Strange Brouhaha

Friday, March 14, 2008

Yard Work

Mad Kane's Limerick and Haiku prompt this week is about yards and/or gardens.

As I look back at my life, I'm shocked to realize that I've never lived in a place with a yard. At least, not a place that I remember--our house in New Jersey had a yard, but none of the places we lived in Hawaii did, and none of the places I've lived in in Wisconsin have. The closest we came was that our last apartment had a nice, shady, green common area--but that's not really the same thing.

And as for gardens...pfff, forget it, my thumbs are as black as the cover of "Smell The Glove."

When I was growing up, as my grandparents were getting older and grandpa was less able, it would fall to my dad to do a lot of the yard work. Sometimes, I would help.
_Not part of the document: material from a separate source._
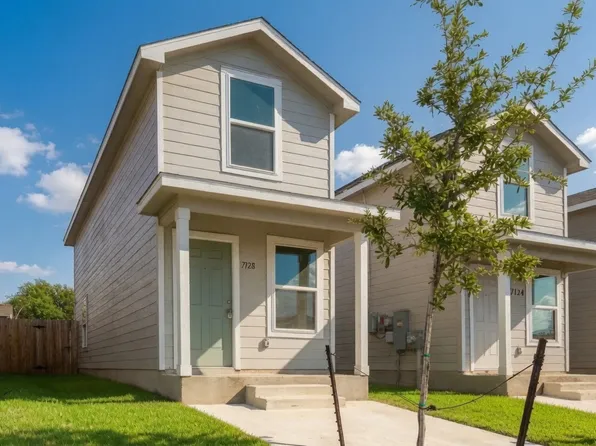 7128 Elm Cv, San Antonio, TX 78244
In a lot of ways, my grandpa was a big 'ol Luddite. There are times when I think I've inherited that from him; I'm very much an "if it ain't broke, don't fix it" kind of guy. If you've been doing something one way for a long time...you might as well continue doing it that way, even long after better ways are available. (This is the same attitude that makes it possible to earn a living today as a COBOL programmer.)

I spent my weekends
Up at my grandfather's house
Pushing the mower.

And when I say "pushing," I do mean pushing. Grandpa had a push-mower. Every so often he would have to take it to get the blades sharpened. I swear he must have used that thing for fifty years, and in a lot of ways, it made perfect sense: the yard wasn't really all that big, and the push-mower was nice and quiet. Why ruin a peaceful, sunny morning with a big noisy racket?

I think maybe if I did have a yard, I'd consider a push-mower. No gas to buy, no small-engine maintenance--just an unhurried afternoon pushing the mower along the back forty. Whatever a back forty is.